13.Efficient and Multiply Robust Risk Estimation under General Forms of Dataset Shift
Authors:Hongxiang Qiu, Eric Tchetgen Tchetgen, Edgar Dobriban
Abstract: Statistical machine learning methods often face the challenge of limited data available from the population of interest. One remedy is to leverage data from auxiliary source populations, which share some conditional distributions or are linked in other ways with the target domain.
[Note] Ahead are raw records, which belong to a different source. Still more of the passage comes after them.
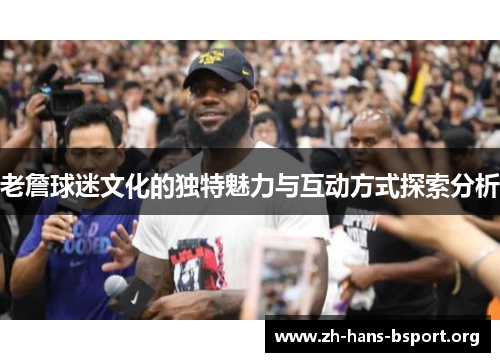 老詹球迷文化的独特魅力与互动方式探索分析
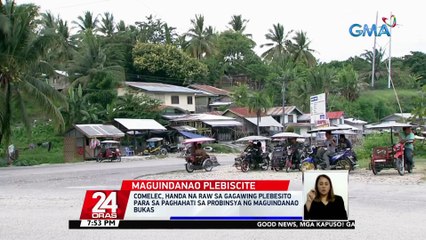 COMELEC, handa na raw sa gagawing plebesito para sa paghahati sa probinsya ng Maguindanao bukas | 24 Oras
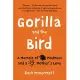 Gorilla and the Bird: A Memoir of Madness and a Mother’s Love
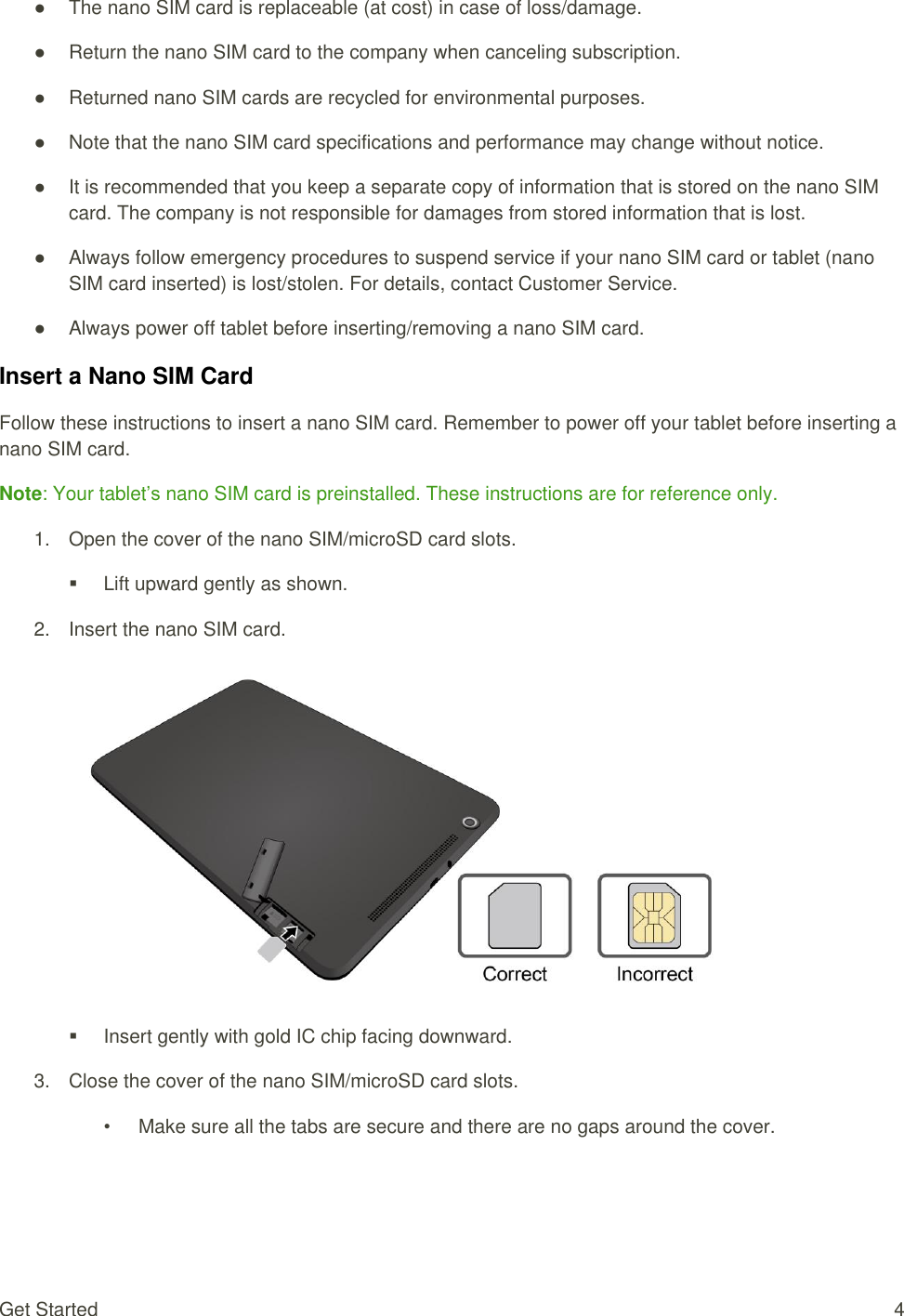 Get Started  4 ●  The nano SIM card is replaceable (at cost) in case of loss/damage. ●  Return the nano SIM card to the company when canceling subscription. ●  Returned nano SIM cards are recycled for environmental purposes. ●  Note that the nano SIM card specifications and performance may change without notice. ●  It is recommended that you keep a separate copy of information that is stored on the nano SIM card. The company is not responsible for damages from stored information that is lost. ●  Always follow emergency procedures to suspend service if your nano SIM card or tablet (nano SIM card inserted) is lost/stolen. For details, contact Customer Service. ●  Always power off tablet before inserting/removing a nano SIM card. Insert a Nano SIM Card Follow these instructions to insert a nano SIM card. Remember to power off your tablet before inserting a nano SIM card. Note: Your tablet’s nano SIM card is preinstalled. These instructions are for reference only. 1. Open the cover of the nano SIM/microSD card slots.   Lift upward gently as shown. 2.  Insert the nano SIM card.        Insert gently with gold IC chip facing downward. 3.  Close the cover of the nano SIM/microSD card slots. •  Make sure all the tabs are secure and there are no gaps around the cover.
Techniques leveraging such \emph{dataset shift} conditions are known as \emph{domain adaptation} or \emph{transfer learning}. Despite extensive literature on dataset shift, limited works address how to efficiently use the auxiliary populations to improve the accuracy of risk evaluation for a given machine learning task in the target population. In this paper, we study the general problem of efficiently estimating target population risk under various dataset shift conditions, leveraging semiparametric efficiency theory. We consider a general class of dataset shift conditions, which includes three popular conditions -- covariate, label and concept shift -- as special cases. We allow for partially non-overlapping support between the source and target populations. We develop efficient and multiply robust estimators along with a straightforward specification test of these dataset shift conditions. We also derive efficiency bounds for two other dataset shift conditions, posterior drift and location-scale shift. Simulation studies support the efficiency gains due to leveraging plausible dataset shift conditions.